By David Huber at The College Fix
The perception that today’s college kids are little more than mewling babies continues, this time with the University of Oregon student government turning down Young Americans for Liberty’s request for $950 in funds for its “Liberty Poker Night” event.
The money would have gone towards pizza and rental fees. But … why was the request nixed?
“[T]he event’s pro-gun message and prizes ‘would make students feel uncomfortable.’”
Um, attention student government: Student fees at UO are mandatory. This means power trippy student leaders cannot play favorites with how monies are disseminated.
The Foundation for Individual Rights in Education (FIRE) wrote to the University of Oregon (UO) before the Associated Students of the University of Oregon’s (ASUO’s) vote yesterday. FIRE explained that ASUO’s refusal to fund a poker night hosted by UO’s chapter of Young Americans for Liberty (YAL) expressly because it disagrees with the event’s message amounts to constitutionally prohibited viewpoint discrimination. FIRE urged the university administration to step in to protect its students’ First Amendment rights.
“ASUO’s budget is subsidized by mandatory fees paid by students,” said FIRE Senior Program Officer Ari Cohn. “As a result, ASUO must distribute its funds in a viewpoint-neutral manner. ASUO has clearly failed to adhere to this obligation.

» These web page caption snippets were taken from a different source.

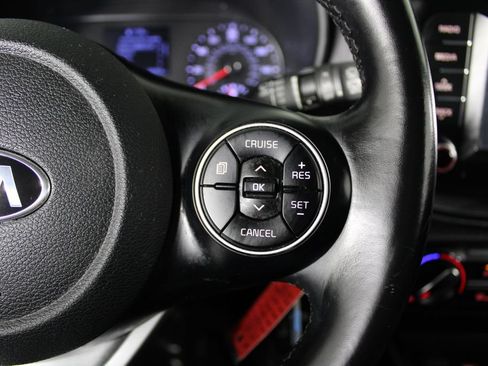 Used 2020 Kia Soul X-Line FWD image 25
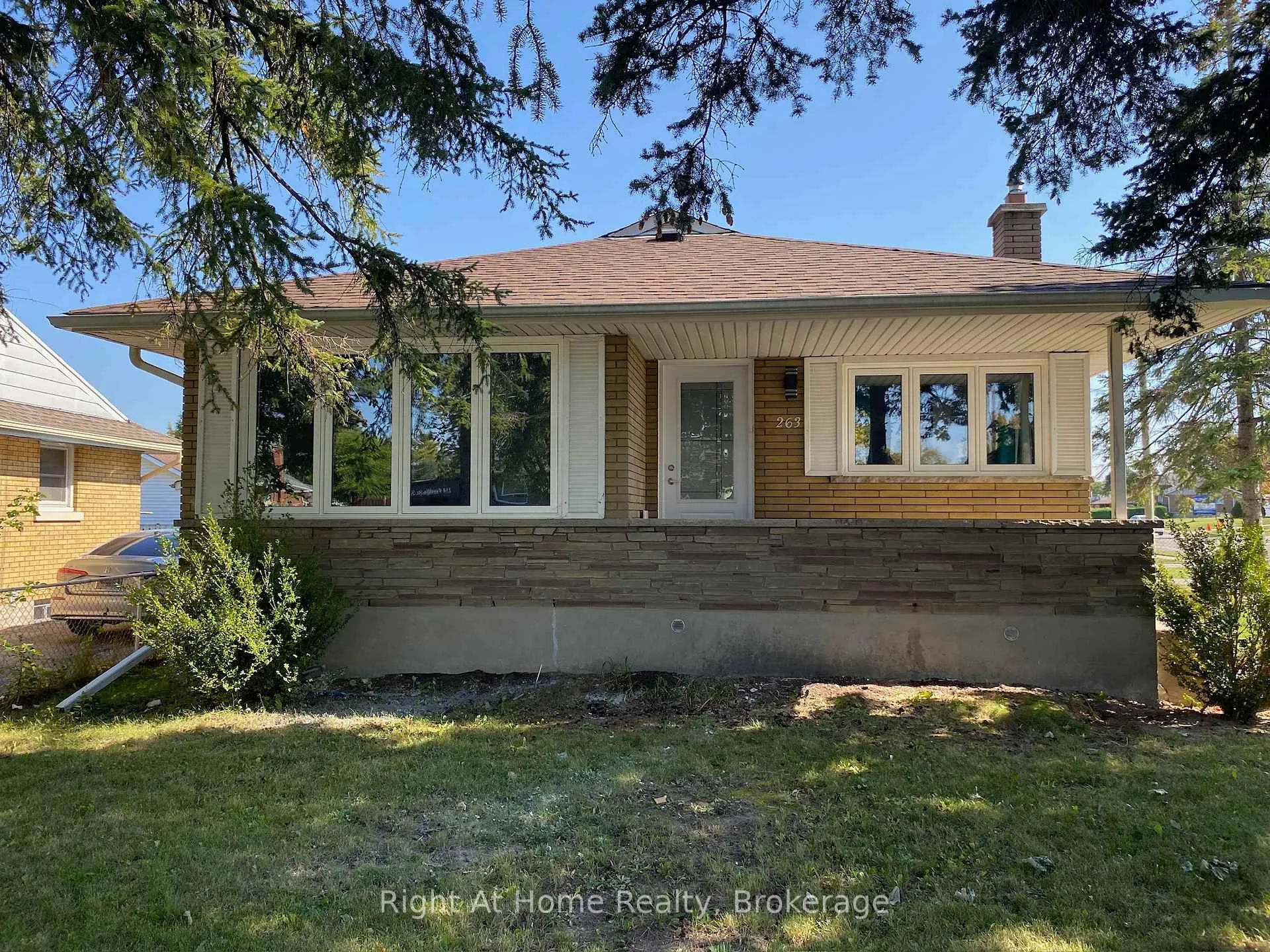 Photo 1 of 263 Franklin Street S, Kitchener — HOMEH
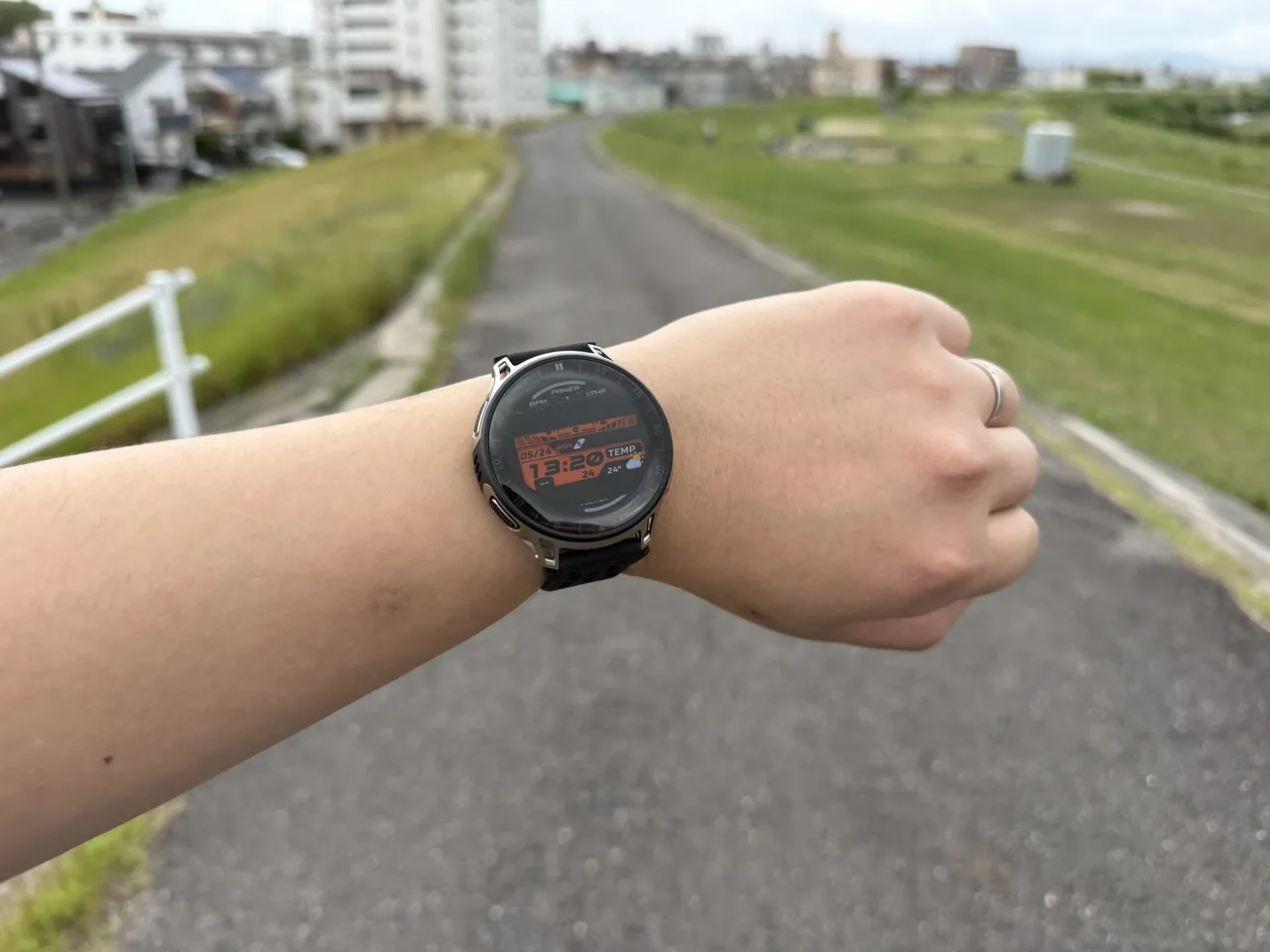 屋外でAmazfit Cheetah 2 Proを装着している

Since ASUO is an agent of a public university, the University of Oregon administration is legally and morally required to intervene to rectify the First Amendment violations perpetrated by ASUO.”
At ASUO’s November 11 meeting, ASUO senators and ASUO President Helena Schlegel openly voiced concerns about funding an event with a pro-gun message. ASUO members said the event might make students feel “unsafe,” despite repeated assurances from YAL that no firearms would be present on campus at any time.
Despite reminders from both YAL and ASUO Senator Abel Cerros that the group was entitled to a viewpoint-neutral decision on its funding request, ASUO repeatedly questioned YAL members about the group’s stance on campus firearms policies. Ultimately, the funding proposal was denied, with several senators expressing that their votes against the proposal were based on discomfort with the event.
What mainly spooked the ASUO were some of the prizes offered at the event, like three firearms “donated by local gun dealers.”
But YAL had specifically noted that the prizes would not be given out at the event — they’d be “transferred to the winners after […] off-campus, and in accordance with state and federal law.”